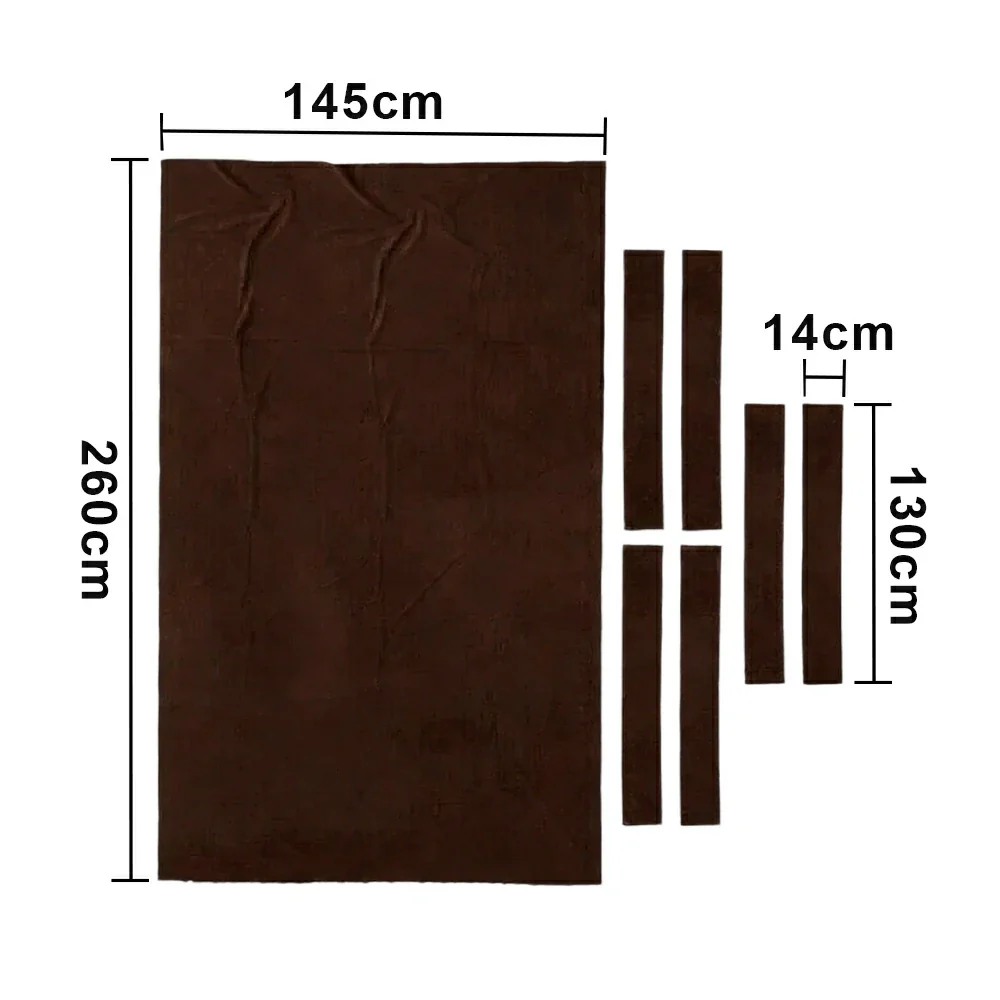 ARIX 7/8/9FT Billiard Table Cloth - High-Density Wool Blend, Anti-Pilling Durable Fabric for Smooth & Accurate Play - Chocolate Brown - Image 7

|---|

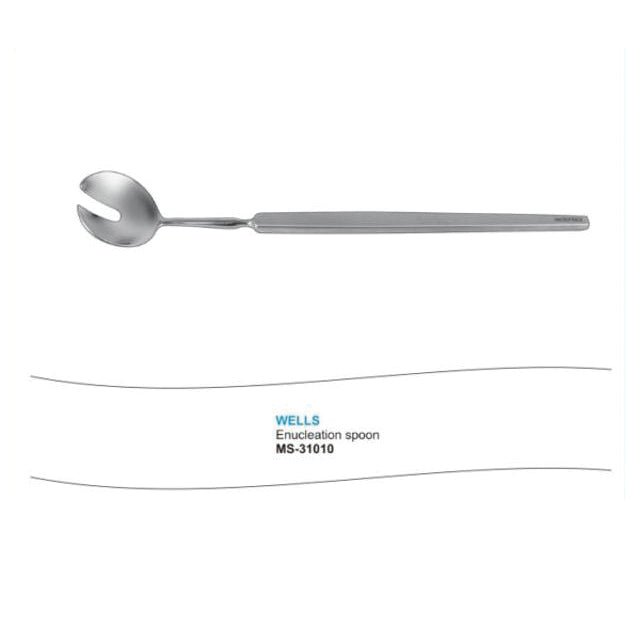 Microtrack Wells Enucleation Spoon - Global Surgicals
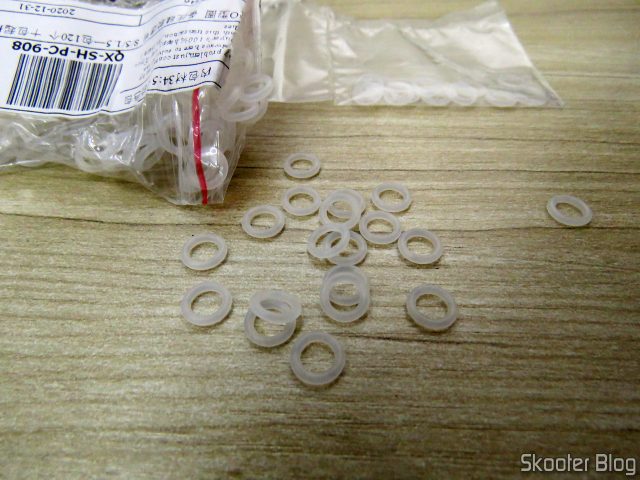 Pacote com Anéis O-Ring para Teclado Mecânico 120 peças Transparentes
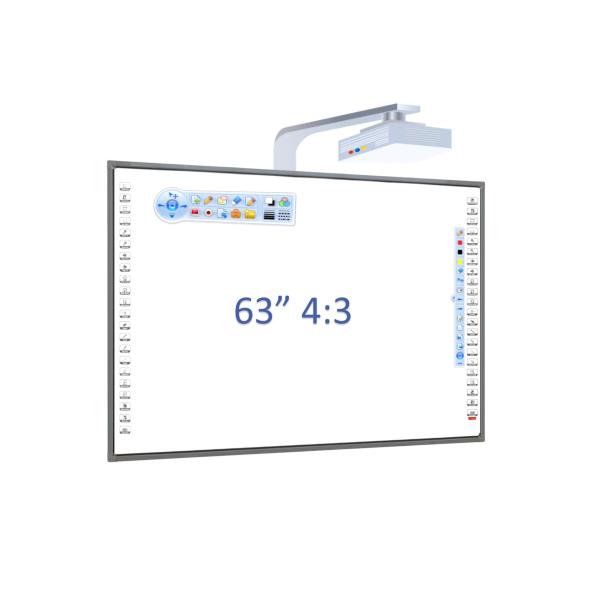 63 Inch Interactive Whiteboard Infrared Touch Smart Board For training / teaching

|---|

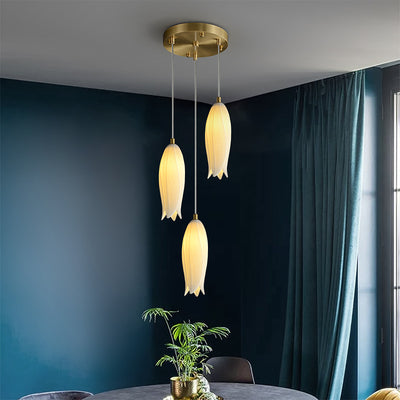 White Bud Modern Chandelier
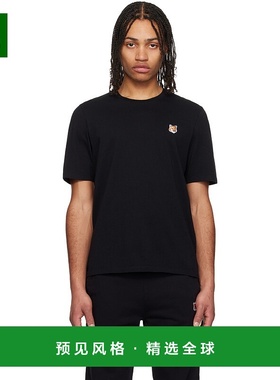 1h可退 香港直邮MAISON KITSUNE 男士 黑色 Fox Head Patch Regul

|---|

- [Assignment]:
Lines wanted from the entries above: the one with "Microtrack Wells Enucleation", the one with "63 Inch Interactive", and all lines between. Please copy them exactly, without the pictures and without anything else.

- [Result of the exercise]:
 Microtrack Wells Enucleation Spoon - Global Surgicals
 Pacote com Anéis O-Ring para Teclado Mecânico 120 peças Transparentes
 63 Inch Interactive Whiteboard Infrared Touch Smart Board For training / teaching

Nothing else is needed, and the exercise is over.